Así las cosas, y aún a costa de que la señora Arbus junior o sus sagaces abogados localicen esta entrada y me demanden, me he tomado la libertad de buscar unas cuantas de las fotos que hizo su madre (en el convencimiento de que la fotógrafa las consideraría, como yo, patrimonio de todos) y emparejarlas con otras de Sander.

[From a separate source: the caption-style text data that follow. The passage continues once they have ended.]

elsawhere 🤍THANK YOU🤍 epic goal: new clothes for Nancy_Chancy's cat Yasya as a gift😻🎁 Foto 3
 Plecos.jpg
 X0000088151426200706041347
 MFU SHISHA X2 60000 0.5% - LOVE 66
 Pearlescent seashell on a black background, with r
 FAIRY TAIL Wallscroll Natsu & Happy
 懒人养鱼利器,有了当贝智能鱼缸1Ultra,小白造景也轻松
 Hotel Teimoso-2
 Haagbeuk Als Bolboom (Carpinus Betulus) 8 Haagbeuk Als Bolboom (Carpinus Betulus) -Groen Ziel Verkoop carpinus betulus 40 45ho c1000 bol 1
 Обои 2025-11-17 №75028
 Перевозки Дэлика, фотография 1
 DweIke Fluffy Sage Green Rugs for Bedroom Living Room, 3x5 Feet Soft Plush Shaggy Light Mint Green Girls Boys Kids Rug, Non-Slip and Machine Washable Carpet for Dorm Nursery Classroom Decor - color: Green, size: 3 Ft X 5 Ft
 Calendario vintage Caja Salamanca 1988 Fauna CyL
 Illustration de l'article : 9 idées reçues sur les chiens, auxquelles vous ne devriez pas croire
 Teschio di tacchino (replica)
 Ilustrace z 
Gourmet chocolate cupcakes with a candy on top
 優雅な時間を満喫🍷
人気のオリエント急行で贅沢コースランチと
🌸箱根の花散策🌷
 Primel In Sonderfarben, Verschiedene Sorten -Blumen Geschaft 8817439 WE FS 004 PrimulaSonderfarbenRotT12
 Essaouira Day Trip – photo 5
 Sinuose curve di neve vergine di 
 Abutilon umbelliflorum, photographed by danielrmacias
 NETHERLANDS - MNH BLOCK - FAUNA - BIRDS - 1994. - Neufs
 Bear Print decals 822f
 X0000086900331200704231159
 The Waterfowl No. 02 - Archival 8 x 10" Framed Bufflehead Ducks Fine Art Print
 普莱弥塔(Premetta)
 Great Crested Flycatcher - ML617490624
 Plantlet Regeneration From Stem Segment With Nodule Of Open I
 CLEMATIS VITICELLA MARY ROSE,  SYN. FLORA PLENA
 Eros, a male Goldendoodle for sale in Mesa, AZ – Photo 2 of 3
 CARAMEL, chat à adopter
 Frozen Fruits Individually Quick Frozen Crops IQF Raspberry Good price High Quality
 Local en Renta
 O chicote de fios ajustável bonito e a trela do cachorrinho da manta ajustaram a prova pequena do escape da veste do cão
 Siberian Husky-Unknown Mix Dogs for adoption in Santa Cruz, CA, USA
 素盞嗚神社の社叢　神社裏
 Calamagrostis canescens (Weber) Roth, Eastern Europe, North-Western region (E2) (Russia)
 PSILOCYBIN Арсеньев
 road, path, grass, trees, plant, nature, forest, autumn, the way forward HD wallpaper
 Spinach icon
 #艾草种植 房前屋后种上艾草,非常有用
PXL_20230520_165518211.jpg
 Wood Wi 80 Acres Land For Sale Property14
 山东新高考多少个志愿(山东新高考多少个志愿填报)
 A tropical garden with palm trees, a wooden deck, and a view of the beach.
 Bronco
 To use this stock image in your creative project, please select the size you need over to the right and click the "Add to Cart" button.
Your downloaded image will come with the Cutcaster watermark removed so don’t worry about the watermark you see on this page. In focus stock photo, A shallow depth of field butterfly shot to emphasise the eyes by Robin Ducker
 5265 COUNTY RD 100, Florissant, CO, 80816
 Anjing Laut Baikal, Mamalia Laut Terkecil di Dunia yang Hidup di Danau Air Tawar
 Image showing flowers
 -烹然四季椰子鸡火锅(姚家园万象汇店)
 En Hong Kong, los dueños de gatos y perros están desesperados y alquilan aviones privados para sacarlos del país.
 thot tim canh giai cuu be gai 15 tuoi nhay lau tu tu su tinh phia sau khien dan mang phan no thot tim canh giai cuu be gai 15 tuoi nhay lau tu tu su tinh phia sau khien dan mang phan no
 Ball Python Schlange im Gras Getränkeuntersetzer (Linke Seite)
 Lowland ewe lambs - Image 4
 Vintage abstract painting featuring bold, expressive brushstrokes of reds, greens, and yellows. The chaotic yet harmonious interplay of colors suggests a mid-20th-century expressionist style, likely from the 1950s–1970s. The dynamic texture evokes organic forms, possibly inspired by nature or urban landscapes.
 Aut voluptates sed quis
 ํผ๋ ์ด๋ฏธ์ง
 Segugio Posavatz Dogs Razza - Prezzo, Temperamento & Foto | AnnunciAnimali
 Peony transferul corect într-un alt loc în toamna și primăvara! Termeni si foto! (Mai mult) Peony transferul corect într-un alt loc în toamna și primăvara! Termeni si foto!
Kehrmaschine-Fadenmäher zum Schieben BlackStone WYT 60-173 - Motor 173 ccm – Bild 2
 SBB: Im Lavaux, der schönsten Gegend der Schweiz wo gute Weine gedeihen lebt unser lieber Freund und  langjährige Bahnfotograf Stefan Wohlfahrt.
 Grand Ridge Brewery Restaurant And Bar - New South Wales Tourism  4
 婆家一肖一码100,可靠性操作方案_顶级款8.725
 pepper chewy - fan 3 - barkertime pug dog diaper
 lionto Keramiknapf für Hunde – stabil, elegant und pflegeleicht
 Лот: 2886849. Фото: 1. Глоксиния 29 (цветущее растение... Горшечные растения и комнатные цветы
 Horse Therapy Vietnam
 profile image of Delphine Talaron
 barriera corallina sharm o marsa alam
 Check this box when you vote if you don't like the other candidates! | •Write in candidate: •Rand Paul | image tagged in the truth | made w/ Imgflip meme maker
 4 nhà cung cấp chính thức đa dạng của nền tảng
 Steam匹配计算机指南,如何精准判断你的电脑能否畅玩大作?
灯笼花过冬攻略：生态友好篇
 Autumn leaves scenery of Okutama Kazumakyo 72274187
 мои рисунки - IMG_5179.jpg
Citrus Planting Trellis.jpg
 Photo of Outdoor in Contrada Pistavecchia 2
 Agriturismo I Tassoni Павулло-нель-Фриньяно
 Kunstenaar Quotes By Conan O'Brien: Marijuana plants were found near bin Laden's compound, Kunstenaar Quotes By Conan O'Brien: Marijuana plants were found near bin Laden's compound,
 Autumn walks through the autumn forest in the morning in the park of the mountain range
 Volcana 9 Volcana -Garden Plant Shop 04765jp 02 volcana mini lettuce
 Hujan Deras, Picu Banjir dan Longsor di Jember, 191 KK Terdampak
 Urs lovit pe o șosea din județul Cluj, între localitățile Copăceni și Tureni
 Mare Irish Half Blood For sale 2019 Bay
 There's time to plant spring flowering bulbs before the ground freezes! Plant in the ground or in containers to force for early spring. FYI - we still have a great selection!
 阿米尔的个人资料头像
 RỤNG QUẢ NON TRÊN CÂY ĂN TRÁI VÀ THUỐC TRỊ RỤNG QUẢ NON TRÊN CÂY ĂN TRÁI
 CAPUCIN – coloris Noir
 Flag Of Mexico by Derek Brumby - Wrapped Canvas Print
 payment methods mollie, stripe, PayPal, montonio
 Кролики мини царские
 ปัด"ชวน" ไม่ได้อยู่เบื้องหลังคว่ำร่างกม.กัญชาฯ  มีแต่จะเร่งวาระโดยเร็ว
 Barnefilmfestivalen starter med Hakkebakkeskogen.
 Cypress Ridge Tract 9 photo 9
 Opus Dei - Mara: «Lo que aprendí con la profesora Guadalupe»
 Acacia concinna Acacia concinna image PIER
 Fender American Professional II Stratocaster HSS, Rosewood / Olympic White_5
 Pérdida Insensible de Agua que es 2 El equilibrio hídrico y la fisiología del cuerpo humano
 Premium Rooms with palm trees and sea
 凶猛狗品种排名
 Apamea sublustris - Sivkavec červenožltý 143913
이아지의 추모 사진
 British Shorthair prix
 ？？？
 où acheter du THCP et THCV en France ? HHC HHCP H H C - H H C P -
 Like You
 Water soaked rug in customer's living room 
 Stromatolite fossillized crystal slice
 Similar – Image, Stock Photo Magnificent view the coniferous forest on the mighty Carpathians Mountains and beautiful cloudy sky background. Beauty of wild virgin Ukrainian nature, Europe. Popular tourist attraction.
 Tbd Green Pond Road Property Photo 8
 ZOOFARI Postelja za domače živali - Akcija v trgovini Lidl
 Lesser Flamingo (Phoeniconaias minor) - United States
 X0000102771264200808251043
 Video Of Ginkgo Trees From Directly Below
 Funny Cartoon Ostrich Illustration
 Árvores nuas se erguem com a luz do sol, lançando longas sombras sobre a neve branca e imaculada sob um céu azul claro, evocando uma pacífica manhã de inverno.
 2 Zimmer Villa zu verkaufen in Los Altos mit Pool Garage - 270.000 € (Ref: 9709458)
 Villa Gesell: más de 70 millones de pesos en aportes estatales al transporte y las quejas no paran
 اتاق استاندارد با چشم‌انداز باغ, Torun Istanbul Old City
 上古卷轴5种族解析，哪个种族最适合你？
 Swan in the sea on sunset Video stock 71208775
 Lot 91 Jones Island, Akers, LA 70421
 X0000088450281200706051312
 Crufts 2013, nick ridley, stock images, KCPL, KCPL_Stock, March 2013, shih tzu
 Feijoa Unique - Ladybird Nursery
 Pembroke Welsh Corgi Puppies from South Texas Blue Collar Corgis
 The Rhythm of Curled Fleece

A la izquierda, foto de Sander de la víctima de un bombardeo. A su lado, una de Arbus

A la izquierda, foto de Sander de la víctima de un bombardeo. A su lado, una de Arbus

El resultado rompe las reglas matemáticas del tiempo y, como en un milagro asociativo, agranda el sentido especular de retratos tomados con cuarenta años de distancia en momentos y ambientes en apariencia dispares, casi refractarios: el prólogo de la II Guerra Mundial y el gas ziklon B zyklon B de Bayer en Alemania y la bonanza económica de la era del baby boom y la cultura del suburbio y el cóctel Manhattan en los EE UU.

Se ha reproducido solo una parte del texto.